Innovation Radar: Fraunhofer-Gesellschaft launches dual blog

German Fraunhofer-Gesellschaft, Europe’s largest application-oriented research organization, last week launched its new research blog – forschungs-blog – featuring research, scientific discoveries and developments that might someday change our daily life.

The blog is run by the quite prominent German blogger, author and social media specialist Sascha Lobo and is supported by  Martina Schraudner and Solveig Wehking from Fraunhofer’s “Discover Markets” team and freelance science writers Lars Fischer and Florian Freistetter (others will join in).

The blog is following a concept Fraunhofer calls “dual blogging”, i.e. the same topic is featured in scientifically accurate terms in the left column of the blog while the right column is featuring the same topic in a more entertaining, “drawn from life” perspective.

As an example, the left column is describing ice-cream as a complex multi-phase system which is stabilized by components from milk and eggs and features research from Fraunhofer that enables the replacement of these animal components by proteins from lupins so that it becomes compatible to people with intolerance to milk or eggs (plus people on diet, and, of course, vegetarians and vegans). The right column plainly states the research leads to ice-cream democracy, enabled by a beautiful flower.

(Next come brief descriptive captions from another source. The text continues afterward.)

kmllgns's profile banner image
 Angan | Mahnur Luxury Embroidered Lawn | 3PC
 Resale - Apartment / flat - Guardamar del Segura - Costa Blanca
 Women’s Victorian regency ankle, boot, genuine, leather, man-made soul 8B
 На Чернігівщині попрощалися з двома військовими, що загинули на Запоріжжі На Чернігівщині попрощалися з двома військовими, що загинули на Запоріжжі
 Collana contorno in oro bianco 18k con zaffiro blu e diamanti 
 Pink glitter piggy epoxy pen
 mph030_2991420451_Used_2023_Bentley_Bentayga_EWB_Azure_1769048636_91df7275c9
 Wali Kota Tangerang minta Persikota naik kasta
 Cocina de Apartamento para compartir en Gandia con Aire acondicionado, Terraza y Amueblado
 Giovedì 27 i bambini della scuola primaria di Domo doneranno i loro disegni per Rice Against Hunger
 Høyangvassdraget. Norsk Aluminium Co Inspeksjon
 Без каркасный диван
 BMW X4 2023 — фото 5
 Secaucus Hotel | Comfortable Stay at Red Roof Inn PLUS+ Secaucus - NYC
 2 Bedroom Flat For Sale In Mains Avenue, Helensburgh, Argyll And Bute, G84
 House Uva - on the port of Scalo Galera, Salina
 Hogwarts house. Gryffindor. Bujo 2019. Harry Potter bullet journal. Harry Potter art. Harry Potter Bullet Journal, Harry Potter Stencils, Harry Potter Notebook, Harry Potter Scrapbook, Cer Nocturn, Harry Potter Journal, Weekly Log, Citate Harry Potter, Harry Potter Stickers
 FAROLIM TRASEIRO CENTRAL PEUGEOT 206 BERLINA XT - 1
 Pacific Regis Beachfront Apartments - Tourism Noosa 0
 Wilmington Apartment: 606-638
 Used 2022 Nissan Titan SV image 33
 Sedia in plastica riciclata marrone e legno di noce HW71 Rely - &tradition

While is is certainly a good and overdue move for a big German research institution to embrace social media, it remains to be seen whether dual blogging is more than a marketing gag. At present, only two of five blog entries dealing with science are dual-made, and of those two, the left column texts are overly heavy with scientific terms while the right ones read as if the authors are very anxious to sound “cool”. The other entries match the usual science blog style, but are much longer.

The blog is in German only and a project by Discover Markets, which in turn is a research project by Fraunhofer-Gesellschaft to learn about how consumers and the general public can participate in the development of technologies at an early stage.